About 6-7 months ago my powers (only one, which I've identified as telekinesis) developed, and since then I've come to accept that not everything can be explained by science. For a while I was trying to get rid of them, but I turned myself around when I realized there was no chance of that happening. Instead, I tried to work on growing my abilities and learning to release my emotions in a healthy way to keep from exposing myself.
Recently, my powers have been growing stronger, but slightly beyond what I intended them to (when home alone, I've been doing exercises, practicing using them, etc). And I keep feeling this lingering sensation, almost as if I was preparing to use my powers, even though I don't want to. It happens when I'm in class, walking outside, in my room, basically anywhere and at any random time.
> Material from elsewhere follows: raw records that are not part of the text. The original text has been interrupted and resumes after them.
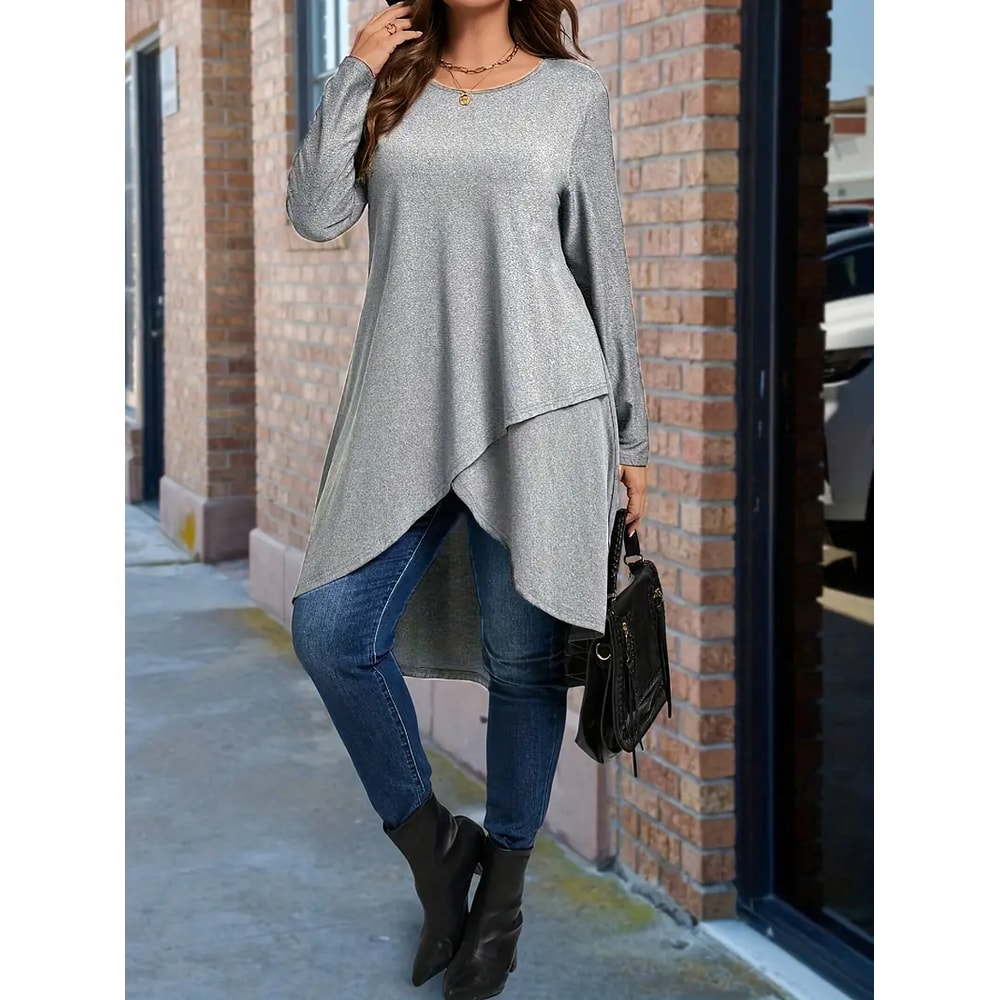 Autumn and Winter New Plus Size Women's Clothing, Daily Casual Loose Long Sleeved Dresses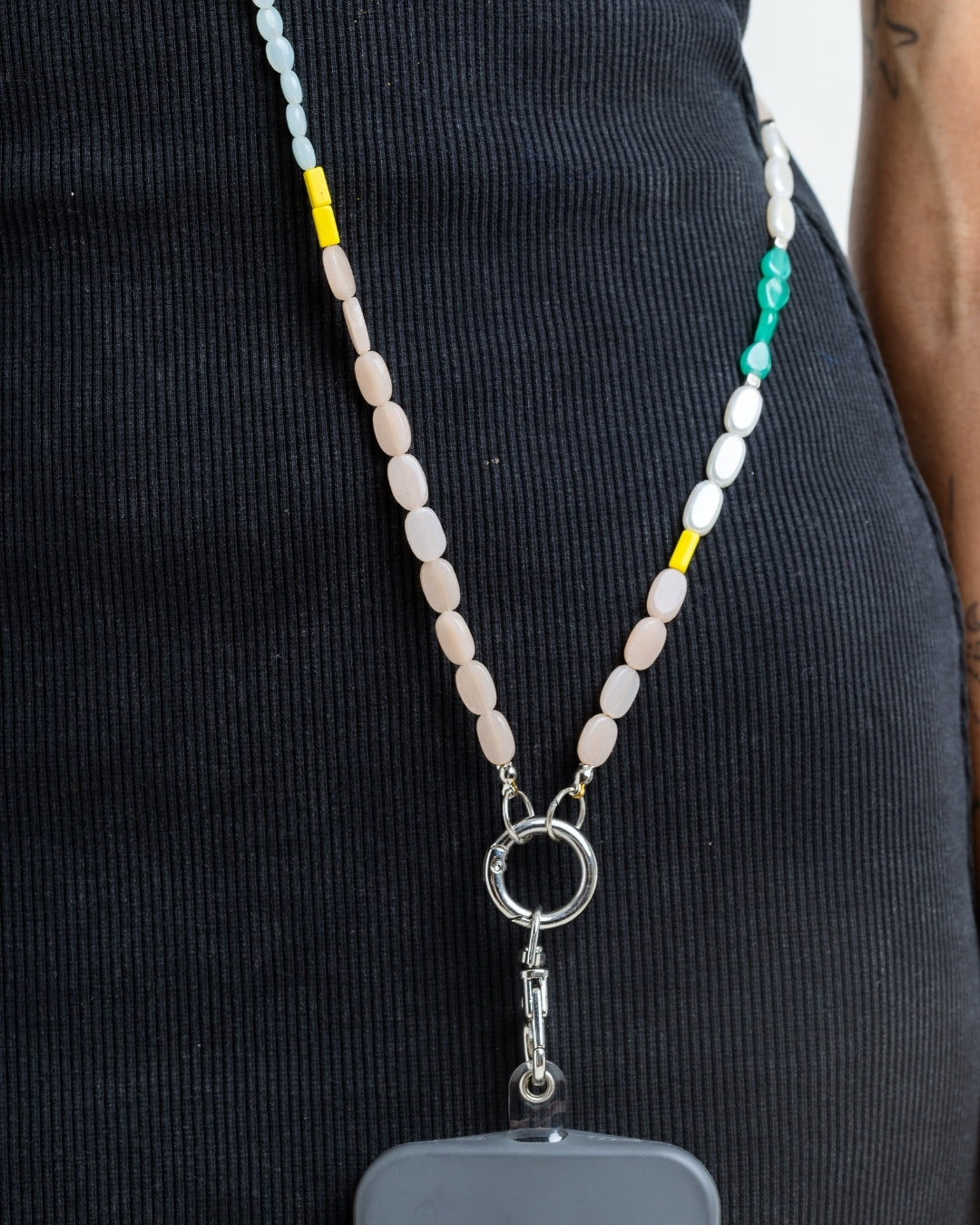 Multicolor Pastel Beaded Phone Chain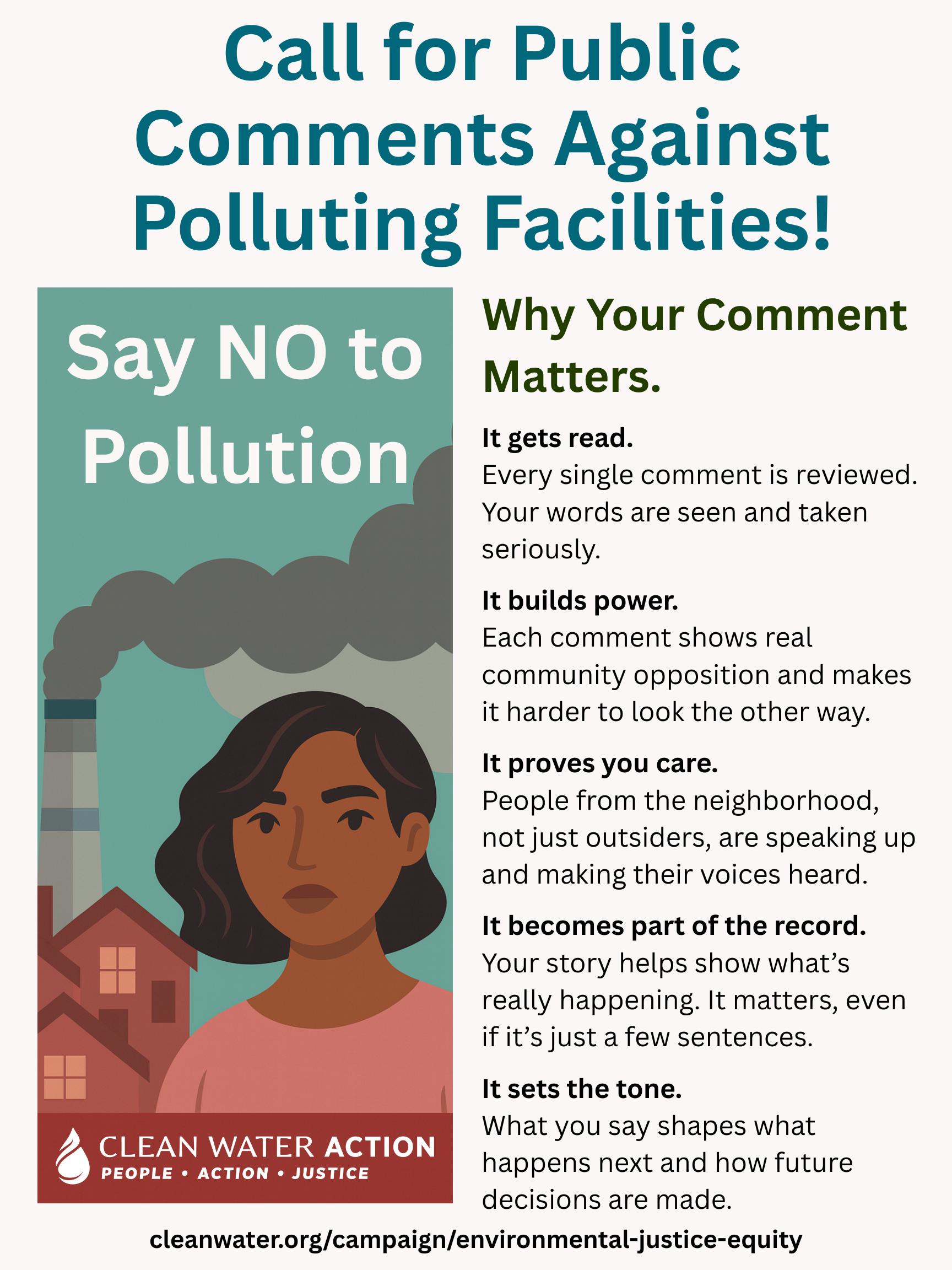 Call for Public Comments Against Polluting Facilities!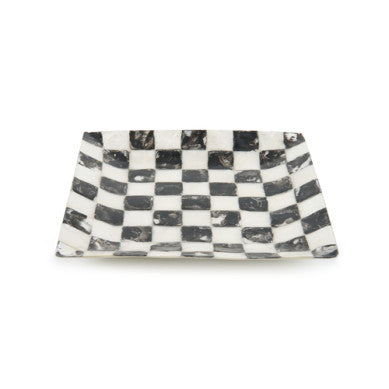 Square Capiz shell catchall tray with natural iridescent finish
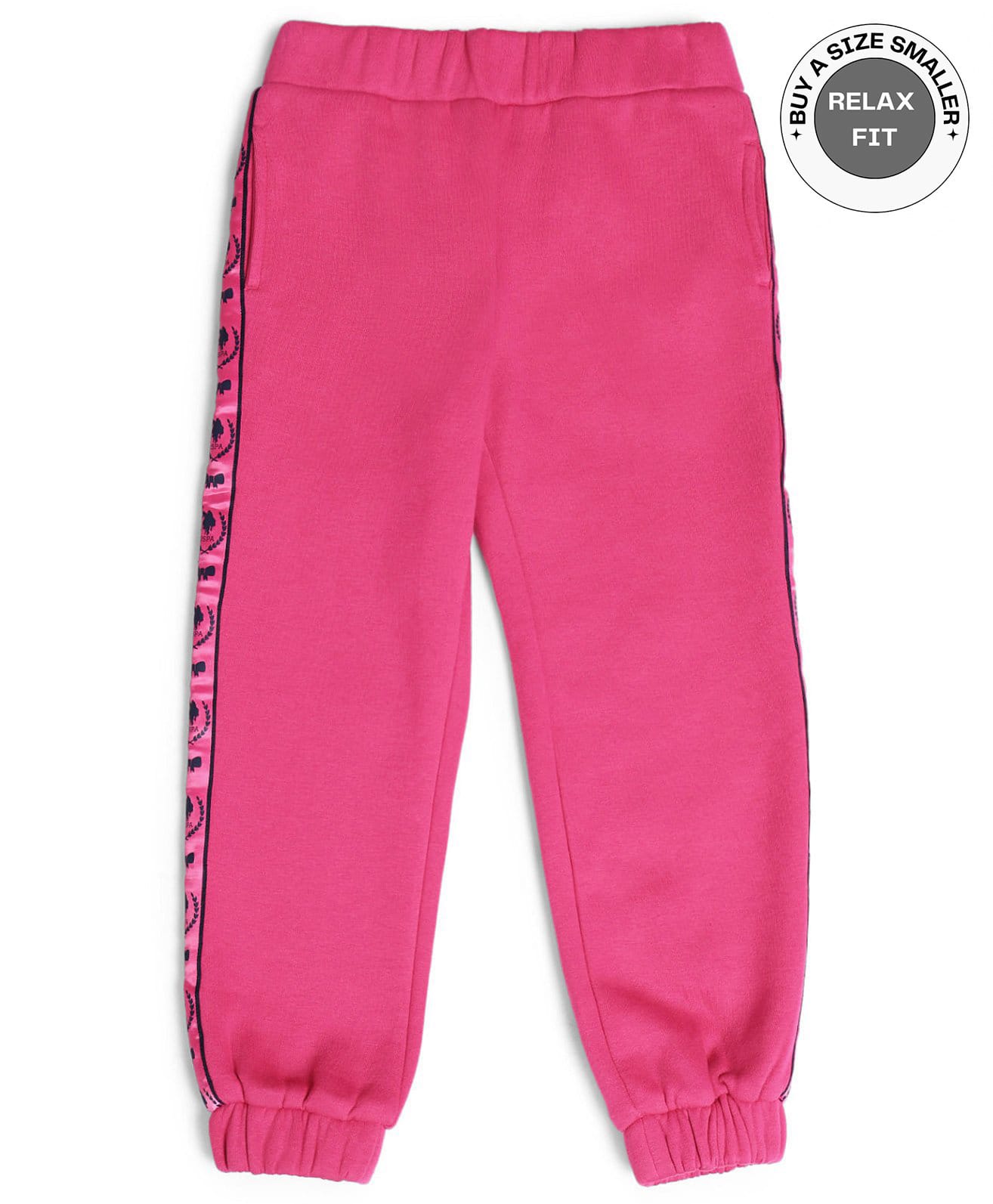 US Polo Assn Cotton Knit  Full Length Solid Color Track Pant  - Pink-picture-40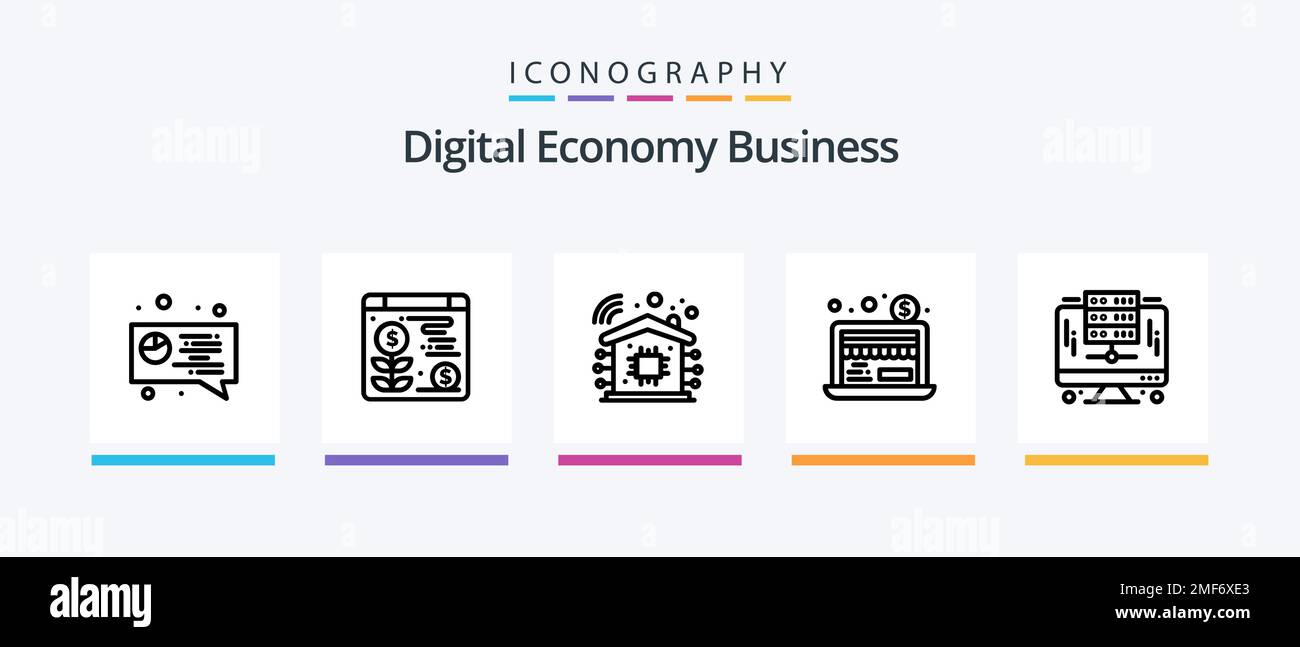Digital Economy Business Line 5 Icon Pack Including finance. business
And there's a sensation that's even worse when I'm emotional, I feel my veins burn and it's like I'm trying to shove all of my anger and shame and fear down before everything spills over. It feels suffocating. I've been managing, and haven't experienced any incidents or episodes over the past 4 months, but I'm trying to figure out what this is and how exactly to stop it from taking over. Last time I felt something similar to this, back when I was first showing signs of my abilities, it led to me nearly destroying my kitchen, and just before my little brother got home. He could've found out, or worse, I could've hurt him badly.
Is this just my anxiety or am I really on the brink of losing control? Any advice?